Rompeu o ciclo e constrói um futuro diferente para si, mas não esquece de olhar para trás. Participa de ONGs que lutam contra a desigualdade racial, tomou a frente em atos e protestos, usa redes sociais para militar e se tornou colunista em um site. A partir de janeiro, irá trabalhar na Secretaria da Saúde de Porto Alegre na promoção de saúde da população negra. Enxerga-se como uma ativista contra o racismo, um esforço rotineiro, exaustivo, herdado de seus ancestrais e de sua família, formada de homens ausentes e de mulheres pobres – e fortes.

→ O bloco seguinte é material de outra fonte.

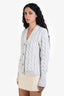 Gucci White/Silver Metallic Wool Cashmere Crystal Button Sweater Size S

— Para a comunidade negra, a própria sobrevivência já é militância. É uma resposta às adversidades que vivemos, mas também uma herança dos meus ancestrais e da minha família. Ser ativista faz parte do cotidiano, de eu estar viva — pontua.
Para a comunidade negra, a própria sobrevivência já é militância.
MARLETE OLIVEIRA
Mestranda em psicologia social pela UFRGS, 27 anos
A Sunbrand aponta que o ativismo existe em todas as gerações, mas as formas de luta é que mudaram conforme a época. Nos anos 1960, os hippies iam às ruas para pedir paz mundial. Os filhos protestam em avenidas contra a corrupção. Os netos, via redes sociais.
— Os baby boomers e os X têm um ativismo hippie, com a perspectiva de um mundo sem guerra. Para os Y e os Z, o ativismo é por direitos mais individuais do que globais: quando os mais novos querem discutir gênero, sexualidade, raça ou uma cidade mais segura, há um pano de fundo individual, de preocupar-se com o próprio bem-estar — diz o gerente executivo de estratégias da Sunbrand G5, Alex do Nascimento.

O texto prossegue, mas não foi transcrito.